Wouldn’t they be calling a halt to support for the corrupt Afghan president’s alliances and deal-making with the same fundamentalists who force women to wear burqas in Afghanistan?

Journalist Virginia Haussegger is loose with the truth when she quotes Afghan feminist Malalai Joya [in support of banning the burqa].

Malalai Joya is not a supporter of the burqa, but she has made it very clear that neither does she support the West bringing in a ban. She says the West’s focus on the burqa is misplaced and serves to trivialise the war against the people of Afghanistan, which women bear the brunt of.

Feminists have fought long and hard against the state determining what we should and should not wear. Let's not make an exception for a tiny number of women who already have to live in a society where anti-Muslim prejudice is so rife.

Self-determination is key. The state can and should do a lot more to assist in acceptance of diversity: education, the teaching of different languages, real resources into welfare and employment opportunities with equal pay are the key drivers in this emancipation for women.

Laws already exist to stop those who physically coerce women into wearing burqas. The social, psychological and religious pressures to wear certain things and behave in certain ways do exist. But anyone who thinks that pressure will go away simply by passing a law is naive.

Women’s rights — in secular and religious households and communities — must be struggled for. It’s only through such struggles that people educate themselves and their communities and attitudes begin to change.

If we go down the road of banning the burqa, we can expect that, next week, ignorant law makers will find something else “offensive” they’d like to ban.

Prejudice and discrimination against minorities have devastating consequences.

Those who really support human rights should not support calls to ban the burqa.

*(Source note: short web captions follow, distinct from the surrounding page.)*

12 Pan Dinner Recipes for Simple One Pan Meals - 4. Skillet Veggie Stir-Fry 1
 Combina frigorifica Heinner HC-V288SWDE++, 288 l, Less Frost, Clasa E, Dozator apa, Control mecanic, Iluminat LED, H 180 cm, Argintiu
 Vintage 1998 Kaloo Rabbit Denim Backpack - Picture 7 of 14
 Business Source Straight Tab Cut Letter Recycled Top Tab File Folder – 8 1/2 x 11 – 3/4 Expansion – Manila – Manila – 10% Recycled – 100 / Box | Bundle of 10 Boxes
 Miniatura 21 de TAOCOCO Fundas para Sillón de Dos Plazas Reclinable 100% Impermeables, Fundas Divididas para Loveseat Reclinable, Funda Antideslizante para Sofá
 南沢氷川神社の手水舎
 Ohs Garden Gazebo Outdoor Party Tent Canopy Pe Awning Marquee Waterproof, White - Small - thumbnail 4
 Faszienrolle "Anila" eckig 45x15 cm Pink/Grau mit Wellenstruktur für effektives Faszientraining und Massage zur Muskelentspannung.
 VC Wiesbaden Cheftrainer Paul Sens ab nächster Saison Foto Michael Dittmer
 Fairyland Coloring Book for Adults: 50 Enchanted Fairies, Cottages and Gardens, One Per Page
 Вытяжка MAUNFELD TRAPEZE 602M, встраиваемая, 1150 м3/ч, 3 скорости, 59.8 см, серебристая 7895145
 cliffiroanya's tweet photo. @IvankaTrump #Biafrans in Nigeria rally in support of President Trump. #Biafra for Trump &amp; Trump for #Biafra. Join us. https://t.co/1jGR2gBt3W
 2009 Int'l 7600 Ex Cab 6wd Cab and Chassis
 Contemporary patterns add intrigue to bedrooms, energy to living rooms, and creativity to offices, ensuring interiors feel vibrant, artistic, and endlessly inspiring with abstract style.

[Abridged from a presentation delivered to a packed meeting in Erskineville Town Hall, Sydney, on November 24. The meeting was organised by local residents Amanda Perkins and Pip Hinman to voice community concern at Nile's bill to "ban face coverings" and a Newtown shopkeeper's "Say no to the burqa" mural. Father Dave Smith of the Holy Trinity Church in Dulwich Hill, trade unionist Sally McManus, and Muslim student activist Aisha Chaabou also spoke. Pip Hinman is Socialist Alliance candidate for Marrickville in the March NSW elections.]